Before you even think about putting a piece of clothing or a pair of shoes in your checked bag, make sure you know exactly how much you can bring.

Most airlines offer a free carry-on bag. Some do not. Airlines may have weight or size requirements that need to be met before you can bring your carry-on onto the plane.

Airlines have all different policies on checked bags. While some still allow one free checked bag, many do not. Once you find what the price is, make sure you are aware of exactly how much it can weigh, and size it is allowed to be.

The weight requirement is the total weight requirement; this includes the weight of the bag itself and everything inside of it.

Weigh Before You Go

Don’t leave it till you get to the airport to find out how much your bag weighs. Instead of guessing, know for sure exactly how much your bag weighs before you leave home.
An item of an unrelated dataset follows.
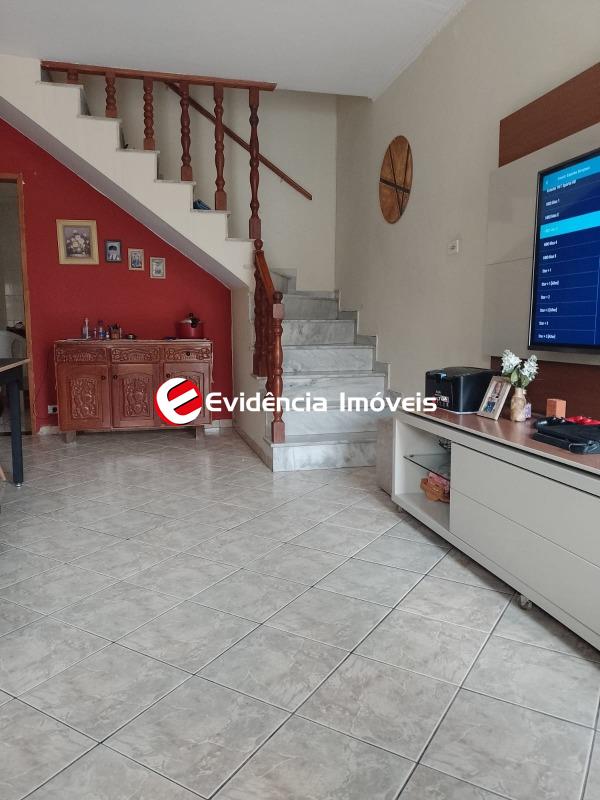 Sobrado à venda no Baeta Neves:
There are two easy ways to do this.

Handheld luggage scales are low-cost ways to see how much your bag weighs. Small in size, the digital scale clips onto the handle or grip of the bag. Lift it up using the handheld scale, and read the bags’ weight.
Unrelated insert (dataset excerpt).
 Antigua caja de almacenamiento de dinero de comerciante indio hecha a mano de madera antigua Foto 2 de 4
If you find yourself without a handheld scale, simply use a normal scale.

Place your scale on a hard, flat surface. Weigh yourself and record it. Step off the scale and hold the bag. Weigh yourself again while holding the bag. Subtract your body weight from the weight of you and the bag. The number you’re left with is how much your bag weighs.

Start Off Light

In order to keep your bag lightweight, the best option is to start off with a lightweight bag.
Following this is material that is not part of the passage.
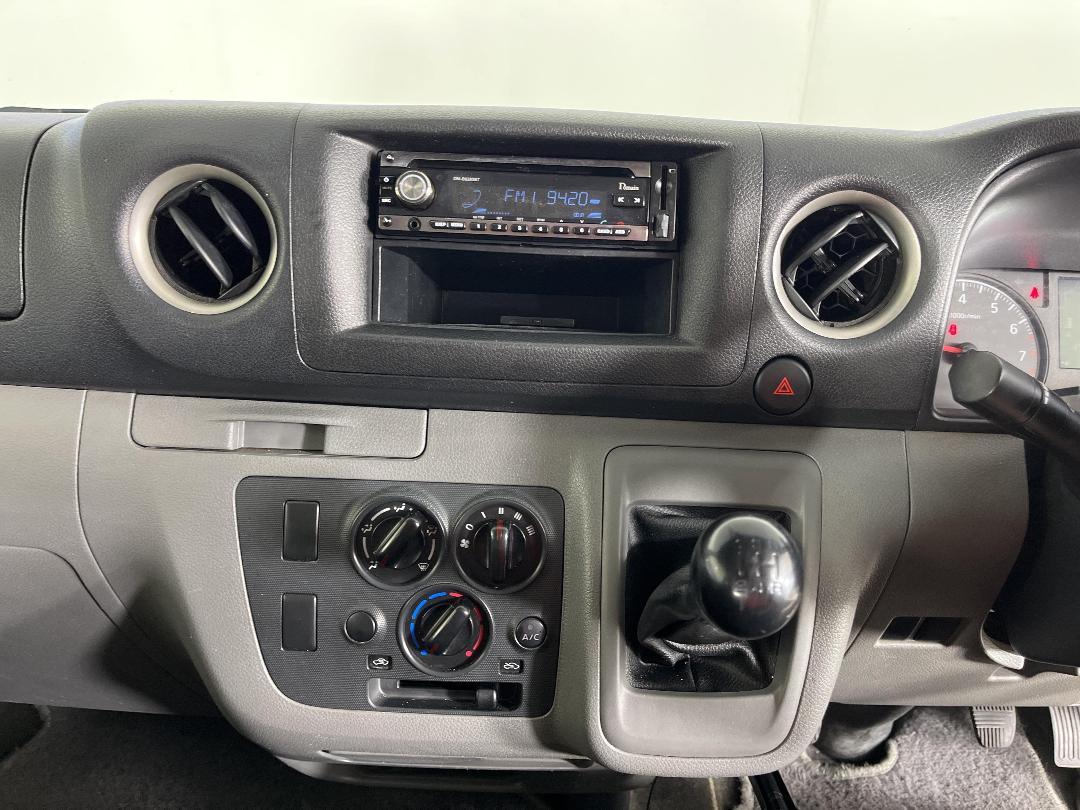 Photo '18' of Nissan Caravan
Choose your luggage so that it will fit all your needs: sturdy, durable, large capacity, versatile and, most importantly, lightweight.

This folding travel duffle is perfect for lightweight travel needs. Available in two sizes at 53 and 85 liters, this bag weighs in at 1.3-1.5 pounds (depending on size selected).

In case you find yourself needing to stow it away during travel, this duffle folds into itself for easy storage.

Bring along a second one and unfold it in case you end up at the ticket counter with an overweight bag. Use this as a backup to avoid any overweight charges you might accrue.

Use Packing Cubes

Perfect for controlling exactly what you’re packing, packing cubes are a great option to avoid excess or overweight charges.

When packing each cube with individual outfits per day or activity, it's easy to add or remove a cube from any bag that needs to weigh less or have weight transferred should you find yourself with an overweight bag. Shifting weights between bags had never been easier.

If you find that one of your bags is still overweight, simply take one cube with you by it’s carry handle as a carry on and put it back in your luggage once you arrive at your destination.

Be Aware Of Additional Costs

Some items are not allowed in the cabin on the plane, and must be packed below. These items sometimes have extra fees.

Bringing a stroller? Check with your airline if it is included with your ticket price, or if you’ll need to pay a little more to bring it along.

Oversized items such as large instruments in cases, skiing and snowboard equipment, and other bulk items will need to be checked, and may be considered “heavy.” Will it be cheaper to ship it to your destination ahead of time or is it possible to have it stowed somewhere under the plane?

Make sure you know the answer to all of these questions before you leave for the airport.

Doing your research before your next trip can save you not only money, but the hassle and embarrassment of having to repack your bags at the ticket counter.

Find out how much your bags can weigh, look at what you need to bring, and pack it appropriately in the correct lightweight bags. By following these five tips, you can avoid excess or overweight baggage charges on your next trip.